Would you copy the listing below exactly, keeping the pictures out?

→ Records supplied:
[Start of section]
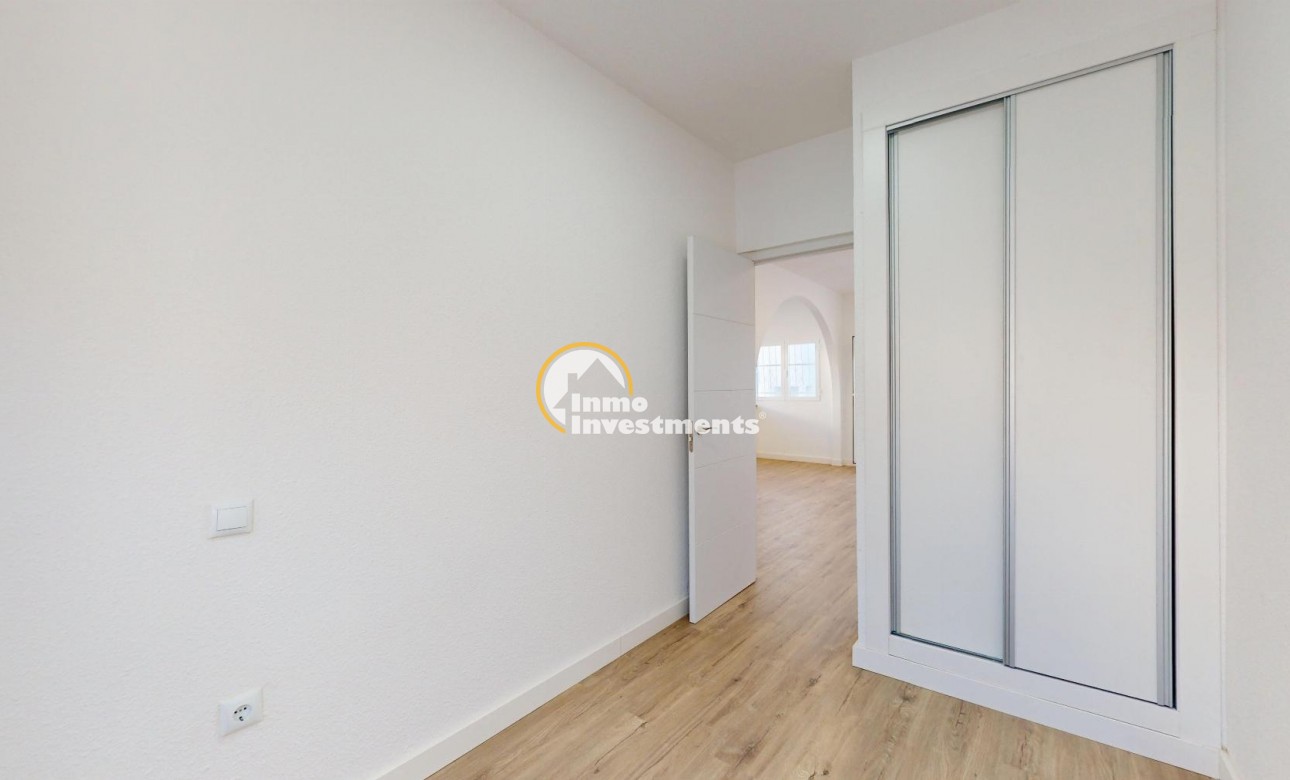 Till salu - Bungalow - Orihuela Costa - Blue Lagoon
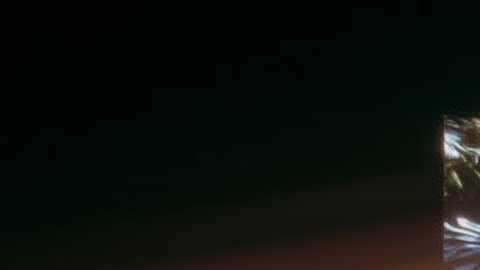 Perplexity viene integrado de forma nativa en todos los dispositivos de la familia Galaxy S26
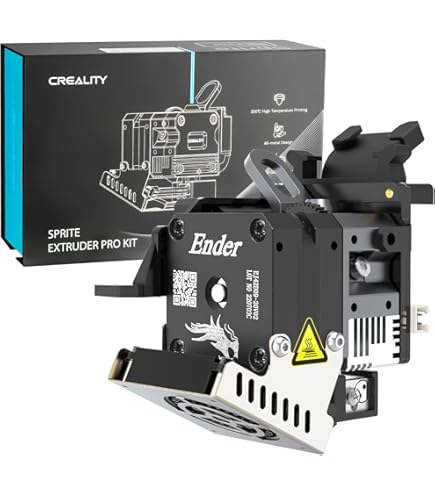 Amazon | 公式 Creality Sonic Pad 3Dプリント スマートパッド Klipper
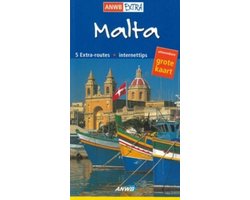 Malta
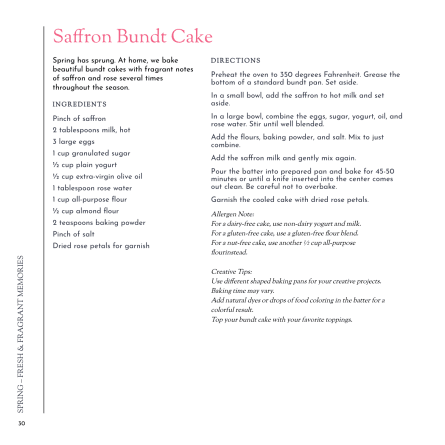 product-main-image-4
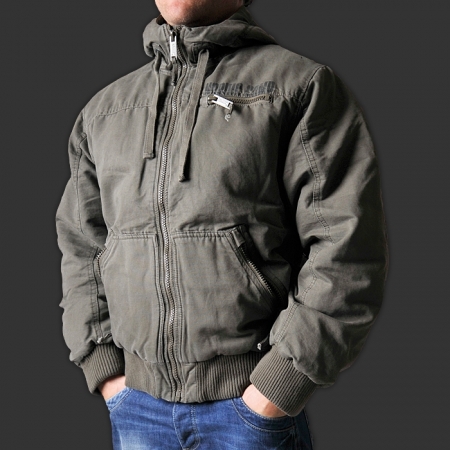 foto k příspěvku  od camron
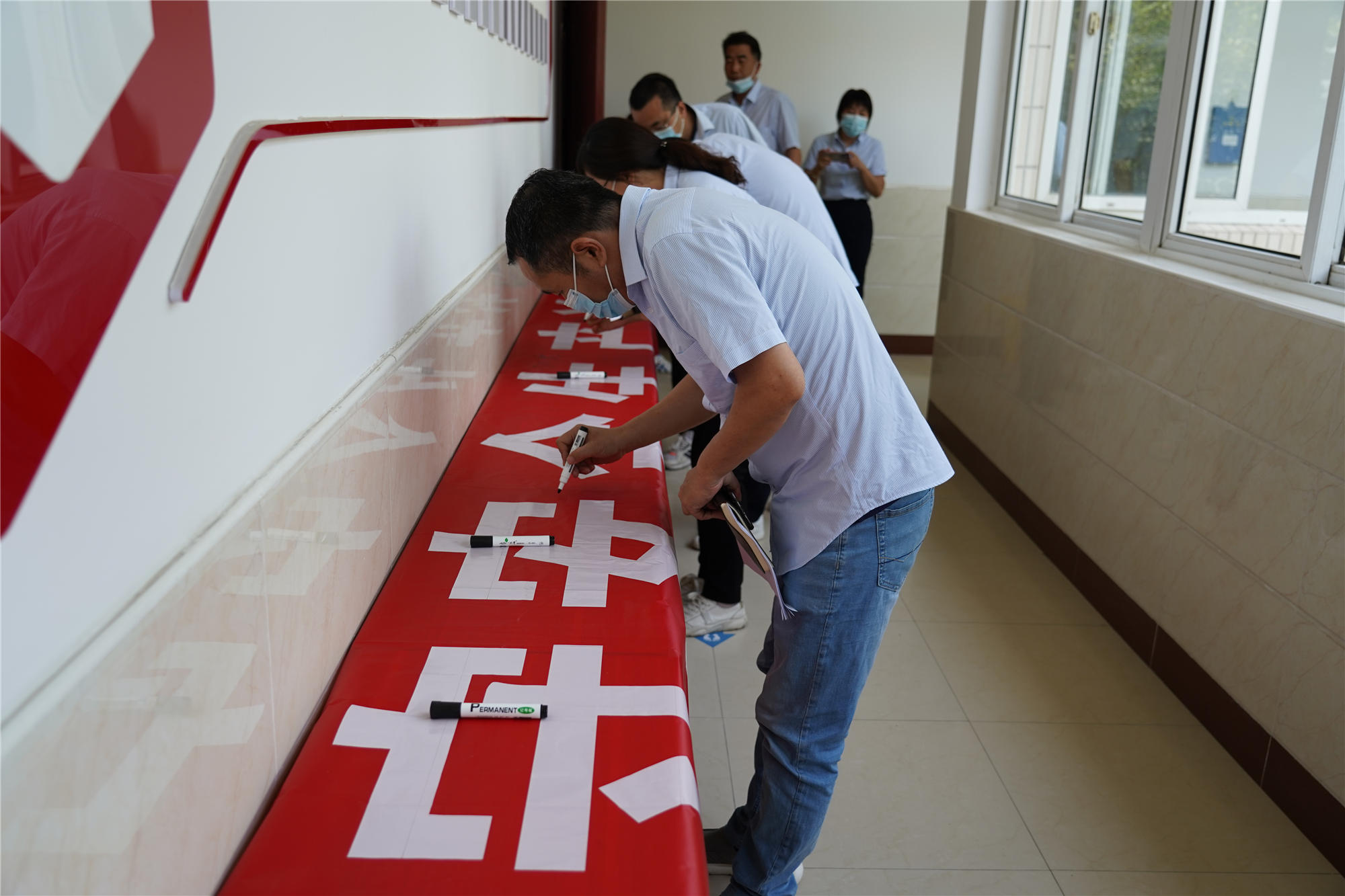 凯时K66_凯时K66·(中国区)官方网站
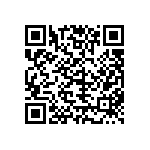 MS27467T17F26PC_277 QRCode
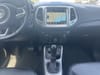 19 thumbnail image of  2018 Jeep Compass Latitude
[End of section]
→ The completed task:
 Till salu - Bungalow - Orihuela Costa - Blue Lagoon
 Perplexity viene integrado de forma nativa en todos los dispositivos de la familia Galaxy S26
 Amazon | 公式 Creality Sonic Pad 3Dプリント スマートパッド Klipper
 Malta
 product-main-image-4
 foto k příspěvku  od camron
 凯时K66_凯时K66·(中国区)官方网站
 MS27467T17F26PC_277 QRCode
 19 thumbnail image of  2018 Jeep Compass Latitude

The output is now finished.